NILC-Metrix
June 5, 2026 · View on GitHub
NILC-Metrix gathers the metrics developed over more than a decade in NILC (Interinstitutional Center for Computational Linguistics), starting with Coh-Metrix-Port, (an adaptation of Coh-Metrix to Portuguese). The main purpose of these metrics is to assess cohesion, coherence and text complexity level. The release of March, 2021 makes available 200 metrics, refactored by Sidney Leal (based on source codes from Carolina Scarton, Andre Cunha and Nathan Hartmann), supported by Magali Duran. All advised by Sandra Aluísio.
License
Citing this work:
Public access via SharedIt: https://rdcu.be/doPTI
Leal, S.E., Duran, M.S., Scarton, C.E., Hartmann, N.S., Aluísio, S.M. NILC-Metrix: assessing the complexity of written and spoken language in Brazilian Portuguese. Lang Resources & Evaluation (2023). https://doi.org/10.1007/s10579-023-09693-w
@article{NILCMetrix2023,
author = {Sidney Evaldo Leal and Magali Sanchez Duran and Carolina Evaristo Scarton and Nathan Siegle Hartmann and Sandra Maria Aluísio},
title = {NILC-Metrix: assessing the complexity of written and spoken language in Brazilian Portuguese},
journal = {Lang Resources & Evaluation},
year = {2023},
url = {https://doi.org/10.1007/s10579-023-09693-w}
}
Setup with Docker
The steps below match the screencasts linked at the bottom of this section. They assume Docker is installed and running.
1. Clone the repository
$ git clone https://github.com/sidleal/nilcmetrix.git
$ cd nilcmetrix
2. Download the tools bundle
Download nilc-metrix-tools.zip (~2 GB) and unzip it at the repository root. The archive extracts to a tools/ folder, so the layout becomes nilcmetrix/tools/.

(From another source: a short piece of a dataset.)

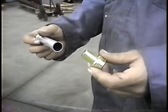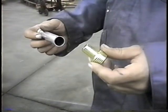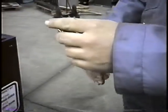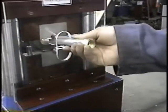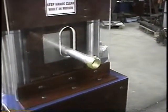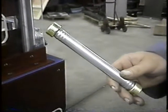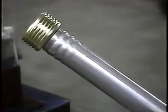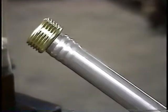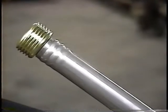Now this is going to form the three beads at the end of the tube that will lock the tube onto the male end of the garden hose connector. We'll stick the part inside the machine and go through a cycle. We'll pull out the part — there we have it, three beads formed. It's locked in there and that'll never come apart. This whole operation takes approximately three to four seconds; faster units can do it in one and a half to two seconds.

3. Start PostgreSQL and restore the Coh-Metrix database
$ cd tools/postgres
$ docker run --name pgs_cohmetrix \
-e POSTGRES_USER=cohmetrix \
-e POSTGRES_PASSWORD=cohmetrix \
-v .:/shared \
-d postgres
The first run pulls the postgres image. Once the container is up, restore the dump from inside it:
$ docker exec -ti pgs_cohmetrix bash
# cd /shared
# ls
cohmetrix_pt_br postgres.txt
# pg_restore -U cohmetrix -d cohmetrix cohmetrix_pt_br
pg_restore may print a couple of warnings (e.g. role "postgres" does not exist, schema "public" already exists) — these are expected and safe to ignore. Exit the container shell when it finishes.
4. Build the main image
From the repository root:
$ ./build.sh
This builds the cohmetrix:noble image using the local Dockerfile. From here you can run the full stack via ./run.sh or use the pre-built Docker Hub image as described in the next section.
Screencasts
The original walkthroughs (no audio) cover the same steps:
- Part 1 — clone and download dependencies: https://youtu.be/brBfOuTMOM0
- Part 2 — postgres container and database restore: https://youtu.be/PR2dtr_FMBc
- Part 3 — build the main container and test (metrics that don't depend on the Palavras parser): https://youtu.be/GKQH_1jrmEo
Another way to run with docker-hub pre-built image:
Follow Part 1 and 2 from videos above, still need to setup the postgres database in its own container.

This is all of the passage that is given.